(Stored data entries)
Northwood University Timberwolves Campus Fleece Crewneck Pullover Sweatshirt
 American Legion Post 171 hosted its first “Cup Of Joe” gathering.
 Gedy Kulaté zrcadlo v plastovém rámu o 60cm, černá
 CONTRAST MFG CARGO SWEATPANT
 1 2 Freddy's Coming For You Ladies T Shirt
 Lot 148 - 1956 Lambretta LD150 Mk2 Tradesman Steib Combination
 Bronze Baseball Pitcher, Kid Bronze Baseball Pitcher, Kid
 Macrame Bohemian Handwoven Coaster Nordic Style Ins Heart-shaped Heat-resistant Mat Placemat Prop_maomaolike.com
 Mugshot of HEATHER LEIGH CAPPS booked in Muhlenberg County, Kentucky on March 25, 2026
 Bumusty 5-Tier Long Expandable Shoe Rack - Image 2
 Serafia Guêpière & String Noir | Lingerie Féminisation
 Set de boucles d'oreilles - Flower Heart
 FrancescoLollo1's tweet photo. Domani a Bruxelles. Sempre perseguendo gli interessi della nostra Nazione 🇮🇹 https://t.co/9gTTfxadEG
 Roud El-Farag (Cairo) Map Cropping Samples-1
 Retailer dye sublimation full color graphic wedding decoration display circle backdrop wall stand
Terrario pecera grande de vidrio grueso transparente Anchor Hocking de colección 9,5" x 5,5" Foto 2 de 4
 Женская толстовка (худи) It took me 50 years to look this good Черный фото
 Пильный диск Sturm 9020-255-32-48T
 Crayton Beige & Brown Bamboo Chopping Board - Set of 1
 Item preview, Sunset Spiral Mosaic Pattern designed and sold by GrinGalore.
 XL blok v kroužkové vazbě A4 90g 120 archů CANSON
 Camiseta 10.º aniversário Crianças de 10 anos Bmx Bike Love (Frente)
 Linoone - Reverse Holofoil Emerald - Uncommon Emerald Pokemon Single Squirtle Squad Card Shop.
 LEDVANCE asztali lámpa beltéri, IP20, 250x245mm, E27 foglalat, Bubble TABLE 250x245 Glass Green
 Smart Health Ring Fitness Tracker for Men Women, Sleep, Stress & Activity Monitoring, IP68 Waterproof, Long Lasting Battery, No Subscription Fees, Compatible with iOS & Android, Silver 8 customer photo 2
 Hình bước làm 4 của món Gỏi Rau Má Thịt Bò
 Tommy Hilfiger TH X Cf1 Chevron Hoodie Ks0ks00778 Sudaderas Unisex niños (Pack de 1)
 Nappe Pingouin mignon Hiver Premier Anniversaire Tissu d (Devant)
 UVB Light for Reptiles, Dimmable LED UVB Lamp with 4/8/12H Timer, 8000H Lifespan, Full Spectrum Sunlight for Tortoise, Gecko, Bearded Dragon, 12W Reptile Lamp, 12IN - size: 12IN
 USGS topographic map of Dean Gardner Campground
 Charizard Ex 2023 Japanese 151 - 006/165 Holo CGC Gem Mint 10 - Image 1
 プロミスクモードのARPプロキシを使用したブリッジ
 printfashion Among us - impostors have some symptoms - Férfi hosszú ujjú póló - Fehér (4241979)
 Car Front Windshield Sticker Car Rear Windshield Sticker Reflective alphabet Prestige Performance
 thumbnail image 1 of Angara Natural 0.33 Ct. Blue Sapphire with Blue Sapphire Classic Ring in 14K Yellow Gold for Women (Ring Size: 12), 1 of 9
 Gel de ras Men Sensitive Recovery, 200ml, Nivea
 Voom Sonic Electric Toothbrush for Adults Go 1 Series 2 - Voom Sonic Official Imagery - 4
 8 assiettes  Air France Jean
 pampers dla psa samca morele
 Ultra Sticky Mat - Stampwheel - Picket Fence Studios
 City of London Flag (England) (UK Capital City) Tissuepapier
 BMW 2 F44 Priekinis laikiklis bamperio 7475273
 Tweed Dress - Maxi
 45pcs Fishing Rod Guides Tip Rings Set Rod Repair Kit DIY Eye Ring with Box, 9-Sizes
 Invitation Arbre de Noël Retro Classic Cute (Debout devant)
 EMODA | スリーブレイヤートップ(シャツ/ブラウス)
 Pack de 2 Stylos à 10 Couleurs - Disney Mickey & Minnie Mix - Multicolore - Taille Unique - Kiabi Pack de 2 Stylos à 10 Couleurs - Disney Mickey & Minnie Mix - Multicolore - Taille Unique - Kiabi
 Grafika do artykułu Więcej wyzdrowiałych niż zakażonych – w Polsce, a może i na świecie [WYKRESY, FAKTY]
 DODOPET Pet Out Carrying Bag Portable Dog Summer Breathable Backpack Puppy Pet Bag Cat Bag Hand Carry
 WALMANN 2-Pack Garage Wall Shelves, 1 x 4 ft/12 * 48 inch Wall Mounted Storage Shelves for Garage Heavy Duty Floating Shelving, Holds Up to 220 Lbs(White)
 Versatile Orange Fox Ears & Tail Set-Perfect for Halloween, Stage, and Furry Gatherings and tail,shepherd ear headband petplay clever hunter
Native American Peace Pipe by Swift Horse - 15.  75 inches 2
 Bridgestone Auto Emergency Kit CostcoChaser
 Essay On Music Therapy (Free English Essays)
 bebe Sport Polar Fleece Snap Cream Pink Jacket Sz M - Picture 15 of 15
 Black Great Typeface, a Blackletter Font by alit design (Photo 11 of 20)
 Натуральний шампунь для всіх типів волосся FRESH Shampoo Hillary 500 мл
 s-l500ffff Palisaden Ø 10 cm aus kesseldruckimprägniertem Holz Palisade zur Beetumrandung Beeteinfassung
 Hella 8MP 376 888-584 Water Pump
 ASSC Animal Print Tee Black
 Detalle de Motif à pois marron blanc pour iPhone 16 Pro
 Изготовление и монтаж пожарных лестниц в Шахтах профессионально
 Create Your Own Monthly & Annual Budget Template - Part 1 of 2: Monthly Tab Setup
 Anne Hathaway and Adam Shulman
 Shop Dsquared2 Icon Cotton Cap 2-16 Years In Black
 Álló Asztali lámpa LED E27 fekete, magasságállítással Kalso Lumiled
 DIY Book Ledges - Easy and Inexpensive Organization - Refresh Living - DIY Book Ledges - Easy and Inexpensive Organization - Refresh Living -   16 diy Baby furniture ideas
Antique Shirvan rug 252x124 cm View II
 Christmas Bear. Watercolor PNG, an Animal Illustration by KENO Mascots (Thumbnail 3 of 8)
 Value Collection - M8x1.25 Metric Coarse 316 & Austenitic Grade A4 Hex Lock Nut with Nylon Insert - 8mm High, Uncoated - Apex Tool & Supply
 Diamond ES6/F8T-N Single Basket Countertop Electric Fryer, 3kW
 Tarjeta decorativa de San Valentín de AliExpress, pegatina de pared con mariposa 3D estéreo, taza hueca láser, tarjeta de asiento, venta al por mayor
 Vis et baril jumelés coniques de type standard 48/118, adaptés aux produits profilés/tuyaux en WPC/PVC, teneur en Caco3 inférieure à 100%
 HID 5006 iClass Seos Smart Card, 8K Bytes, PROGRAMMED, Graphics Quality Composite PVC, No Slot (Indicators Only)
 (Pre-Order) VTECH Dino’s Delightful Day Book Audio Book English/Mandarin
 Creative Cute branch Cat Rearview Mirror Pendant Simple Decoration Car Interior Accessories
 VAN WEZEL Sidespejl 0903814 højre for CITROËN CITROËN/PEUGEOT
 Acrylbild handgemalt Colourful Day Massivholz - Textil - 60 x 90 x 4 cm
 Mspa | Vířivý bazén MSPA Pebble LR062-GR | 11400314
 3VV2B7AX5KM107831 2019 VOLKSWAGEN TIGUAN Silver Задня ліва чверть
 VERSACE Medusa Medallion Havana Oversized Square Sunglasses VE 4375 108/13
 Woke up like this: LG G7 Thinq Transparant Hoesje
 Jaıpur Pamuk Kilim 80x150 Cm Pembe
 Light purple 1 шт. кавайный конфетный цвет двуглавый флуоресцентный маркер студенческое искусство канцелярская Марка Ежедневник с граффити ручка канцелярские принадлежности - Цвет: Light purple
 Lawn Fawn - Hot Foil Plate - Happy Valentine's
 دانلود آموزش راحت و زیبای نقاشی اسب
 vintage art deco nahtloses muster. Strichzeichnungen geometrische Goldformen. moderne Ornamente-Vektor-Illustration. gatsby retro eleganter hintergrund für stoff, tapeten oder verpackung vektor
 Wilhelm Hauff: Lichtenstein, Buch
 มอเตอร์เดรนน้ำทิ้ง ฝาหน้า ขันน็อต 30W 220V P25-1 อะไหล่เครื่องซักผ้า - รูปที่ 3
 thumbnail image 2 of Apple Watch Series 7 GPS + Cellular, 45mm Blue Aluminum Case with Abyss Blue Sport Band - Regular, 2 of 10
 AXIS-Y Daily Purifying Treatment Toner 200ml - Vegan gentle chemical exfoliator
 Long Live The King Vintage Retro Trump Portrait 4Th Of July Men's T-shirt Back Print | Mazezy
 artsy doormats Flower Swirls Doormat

> [REQUIRED ACTION]:
Scan the records above for the lines holding "Nappe Pingouin mignon" and "USGS topographic map". Transcribe those two and every line between them word for word, and no others.

> [WRITTEN ANSWER]:
 Nappe Pingouin mignon Hiver Premier Anniversaire Tissu d (Devant)
 UVB Light for Reptiles, Dimmable LED UVB Lamp with 4/8/12H Timer, 8000H Lifespan, Full Spectrum Sunlight for Tortoise, Gecko, Bearded Dragon, 12W Reptile Lamp, 12IN - size: 12IN
 USGS topographic map of Dean Gardner Campground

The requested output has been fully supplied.